Introduction (Sionigdha Sadhukhan) — GSoC 2026 Proposal: GDAL Python Stub Hardening, Runtime Validation & Type Coverage

Sionigdha · March 9, 2026, 8:36pm

Who I Am

My name is Sionigdha Sadhukhan, a third-year B.Tech Computer Science & Engineering student at the Institute of Engineering & Management (IEM), Salt Lake, Kolkata, India. My technical interests lie at the intersection of open-source infrastructure, static analysis, Python tooling, and developer experience engineering.

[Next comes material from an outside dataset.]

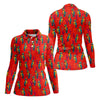 Maxcorners Red Parrot Sunglasses Cocktail Pattern Golf Shirt, Hawaiian Golf Shirt, Golf Tops For Women, Women’s Golf Apparel LM1507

I came to GDAL through geospatial data work and quickly became interested in understanding how the C++ API surfaces into Python through SWIG-generated bindings — specifically how the stub generation pipeline works, how docstrings drive it, and where it could be meaningfully strengthened. Over the past few months I have been actively contributing to GDAL and studying the codebase in preparation for a GSoC 2026 proposal.

My Contributions to GDAL

Merged Pull Requests

#13904 — gdal plug: add --fid option into GDALVectorInfo (Merged into GDAL 3.13.0, reviewed with extensive guidance from Even Rouault*)*

This PR plugs the --fid option of gdal vector info into the existing -fid option handled by GDALVectorInfo(), without re-implementing logic at the algorithm layer. It fixes issue #13763. The PR went through significant back-and-forth — 17 review comments, 2 commits, 7 files changed (+219/-164 lines) — with Even Rouault providing substantial guidance and changes during review. This was a valuable learning experience in understanding how algorithm-layer options flow through to the GDALVectorInfo() C++ API.

#13812 — tests: mark additional WMS/WMTS tests as network-dependent (Merged February 4)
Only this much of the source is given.